Records excerpted from a collection:
=-=-=-=-=
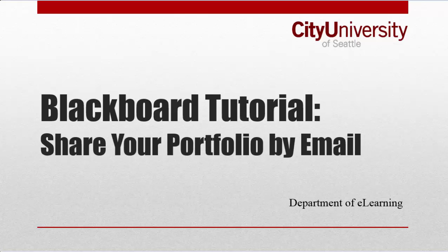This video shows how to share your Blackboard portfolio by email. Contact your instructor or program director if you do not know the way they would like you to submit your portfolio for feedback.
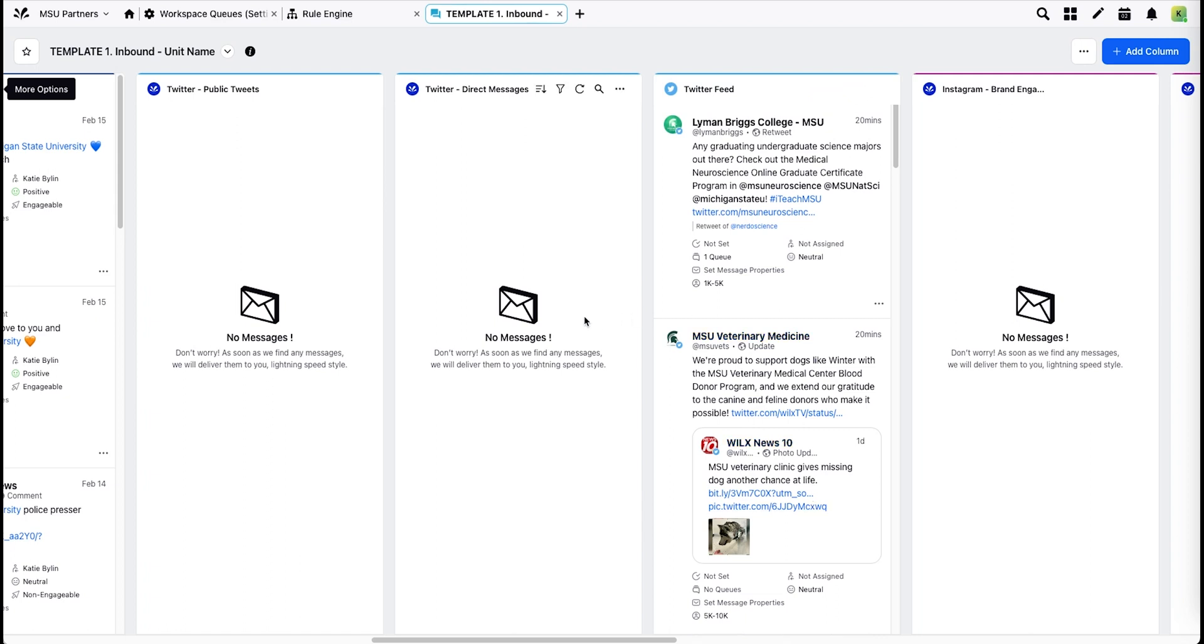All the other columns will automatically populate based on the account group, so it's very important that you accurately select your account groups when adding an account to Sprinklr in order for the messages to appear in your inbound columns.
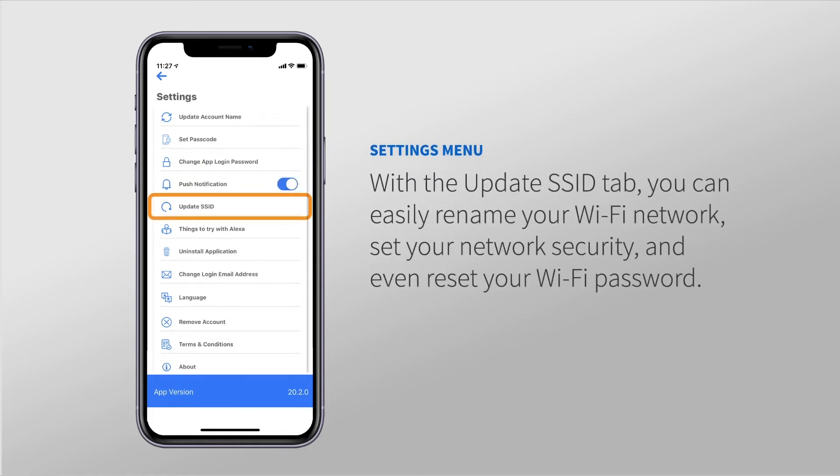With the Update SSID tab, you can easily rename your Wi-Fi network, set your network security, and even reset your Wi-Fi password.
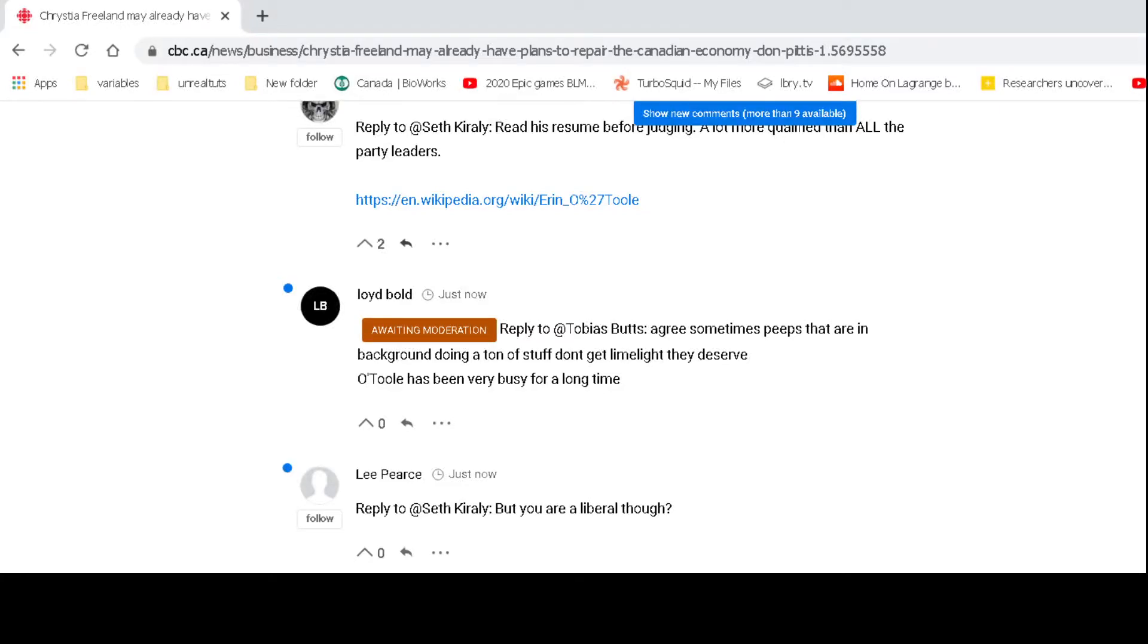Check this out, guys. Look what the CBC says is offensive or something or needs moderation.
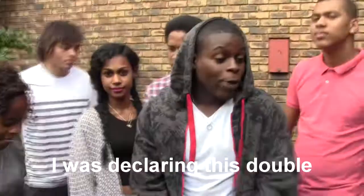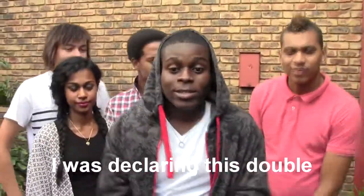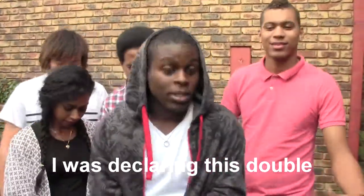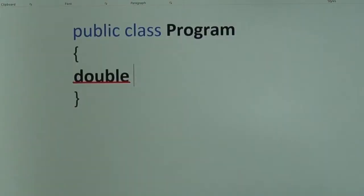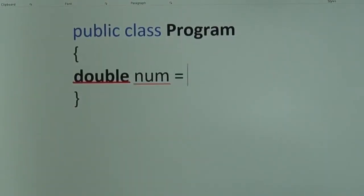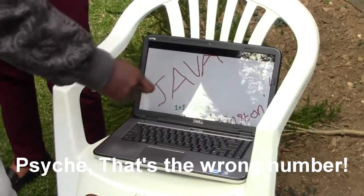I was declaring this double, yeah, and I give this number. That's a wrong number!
=-=-=-=-=
Exercise:
Transcribe exactly each line of the records from the start up to and including the one with "All the other", and leave out every picture.

Response to the exercise:
This video shows how to share your Blackboard portfolio by email. Contact your instructor or program director if you do not know the way they would like you to submit your portfolio for feedback.
All the other columns will automatically populate based on the account group, so it's very important that you accurately select your account groups when adding an account to Sprinklr in order for the messages to appear in your inbound columns.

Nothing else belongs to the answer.